Empirical Analyses of Market Definition
Evaluation of the relevant product and geographic market, a standard first step in Antitrust and Merger matters, can be a contentious element in a case. The HMT/SSNIP test outlined in the DOJ/FTC merger guidelines provide guidance on how the agencies evaluate market definition, and considers the actions of a hypothetical monopoly of a potentially very large number of products and locations. Complete price and quantity data for all those products and locations are rarely available, and in practice arguments over market definition are often qualitative instead of quantitative in nature.

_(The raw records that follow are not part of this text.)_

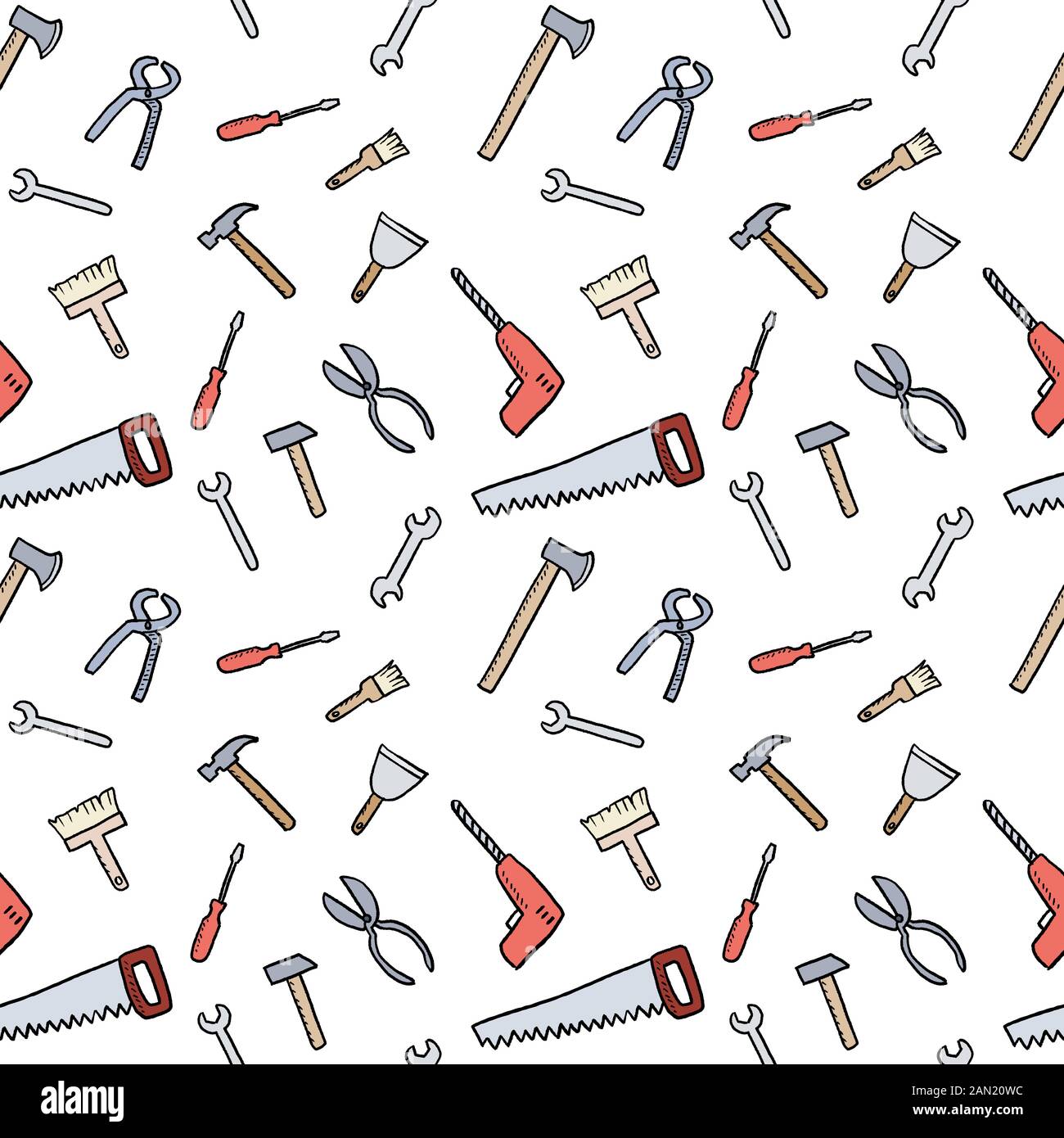 Cartoon tools background seamless vector texture with hardware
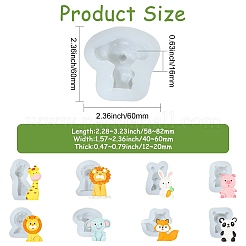 動物テーマシリコン型8個、8スタイル  ミックスカラー  5.8~8.2x4~6x1.2~2cm&nbsp;ST-CJ0043-085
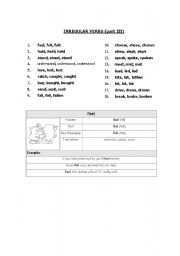 English worksheet: irregular verbs part 3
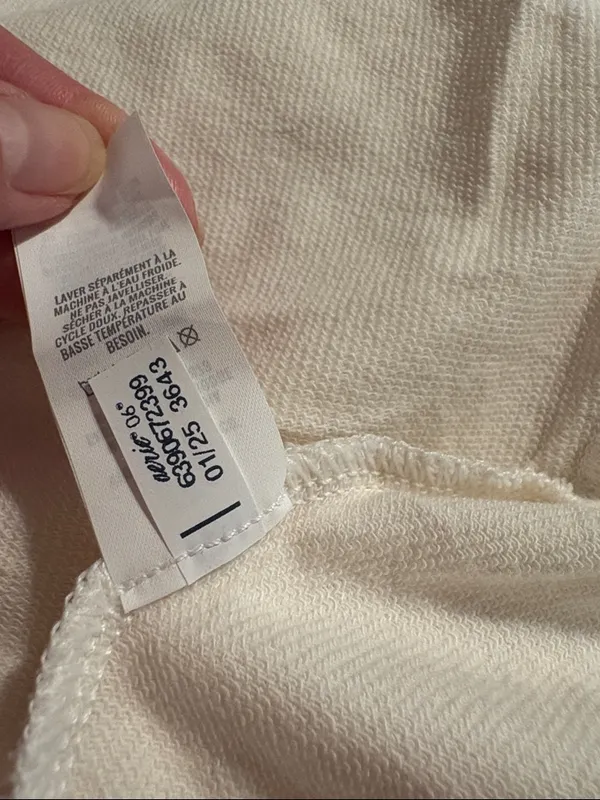 NWT Aerie Peplum Hoodie medium Ivory Oversized 100% Cotton Balloon Sleeve - Image 8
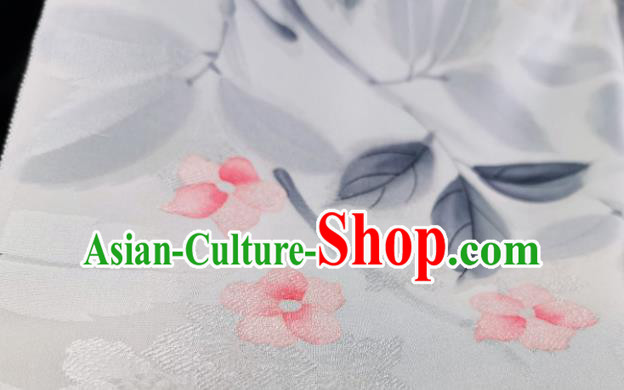 Chinese Traditional Classical Pattern Design White Silk Fabric Asian China Cheongsam Silk Material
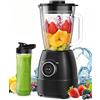 WAWORIO Frullatore, 1500W Elettrico Frullatore Smoothie con Caraffa in Vetro da 1,5L e Bottiglie Portatili 600ml, Velocità Regolabile, Lama in Acciaio Inox per Gelato, Frutta, Verdura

Econometric analysis can nonetheless inform market definition exercises, however, when combined with the right data. In a merger case in the retail gasoline industry in Canada, and in another merger case in the banking industry in the U.S., Dr. Noel examined commuting patterns and a large matrix of census data that recorded where a given individual lived and where that same individual worked. Dr. Noel used the data to develop a model of travel patterns and determine how "connected" a city was to its outer suburbs, or a city to other outlying cities and towns that are usually presumed to be "out of market". Dr. Noel's empirical analysis showed that there were strong linkages between some cities and outlying areas that are not always recognized as being connected. Dr. Noel concluded that the relevant geographic markets in these areas were larger than one might at first presume, and larger than they likely were historically when travel distances were shorter.